Visual Tree Convolutional Neural Network in Image Classification
This work addresses a specific challenge in image classification for researchers and practitioners by focusing on confused categories, but it is incremental as it builds on existing CNN methods with modest gains.
The paper tackled the problem of improving classification accuracy on confused categories in image datasets by proposing Visual Tree Convolutional Neural Networks (VT-CNN), which embed a Confusion Visual Tree (CVT) to guide training; the models achieved improvements of 1.36%, 0.89%, and 0.64% over baseline CNNs on CIFAR-10 and CIFAR-100.

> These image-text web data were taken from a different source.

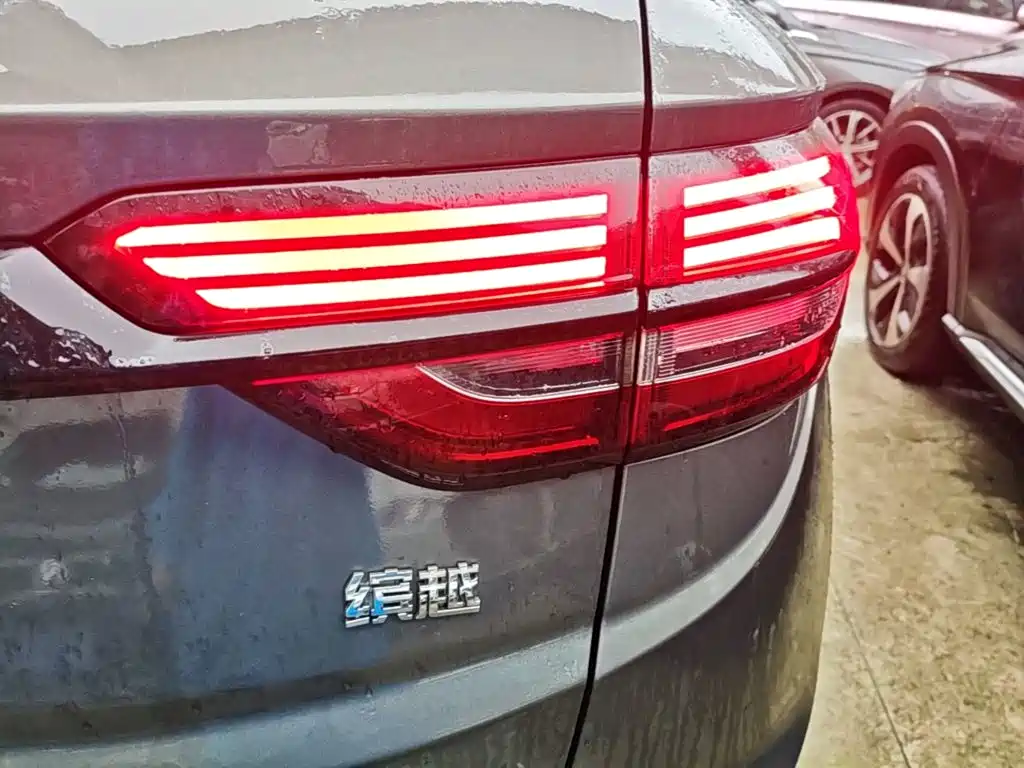 Geely Binyue — миниатюра 8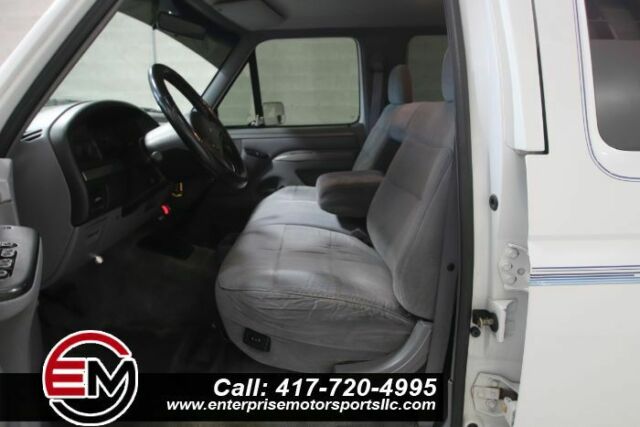 1994 White Ford F-350 Crew Pickup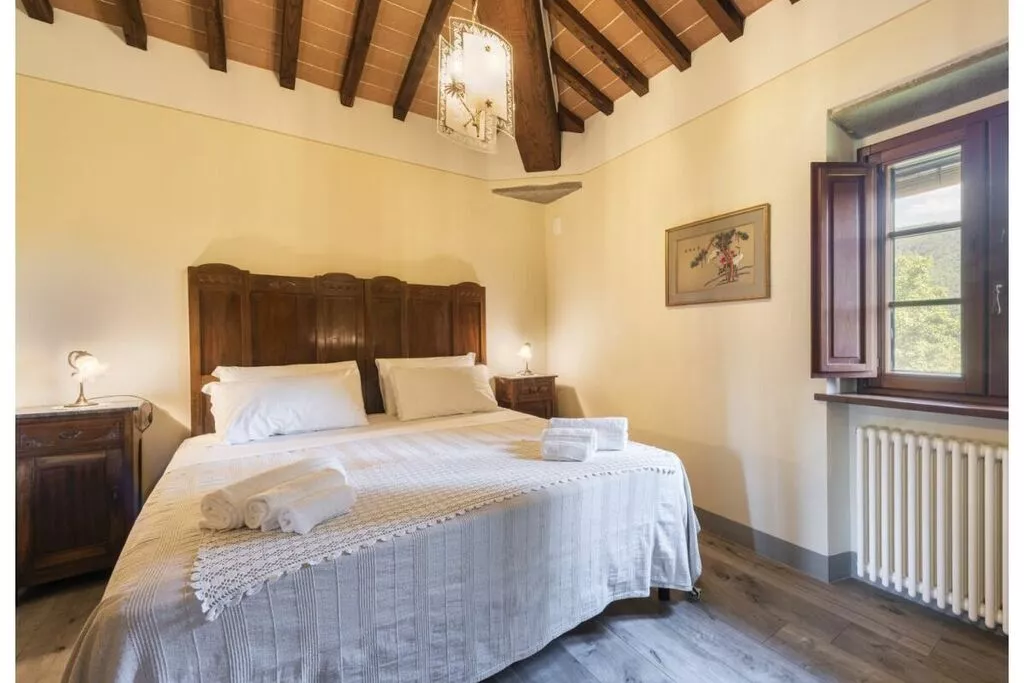 405378-Bedroom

In image classification, Convolutional Neural Network(CNN) models have achieved high performance with the rapid development in deep learning. However, some categories in the image datasets are more difficult to distinguished than others. Improving the classification accuracy on these confused categories is benefit to the overall performance. In this paper, we build a Confusion Visual Tree(CVT) based on the confused semantic level information to identify the confused categories. With the information provided by the CVT, we can lead the CNN training procedure to pay more attention on these confused categories. Therefore, we propose Visual Tree Convolutional Neural Networks(VT-CNN) based on the original deep CNN embedded with our CVT. We evaluate our VT-CNN model on the benchmark datasets CIFAR-10 and CIFAR-100. In our experiments, we build up 3 different VT-CNN models and they obtain improvement over their based CNN models by 1.36%, 0.89% and 0.64%, respectively.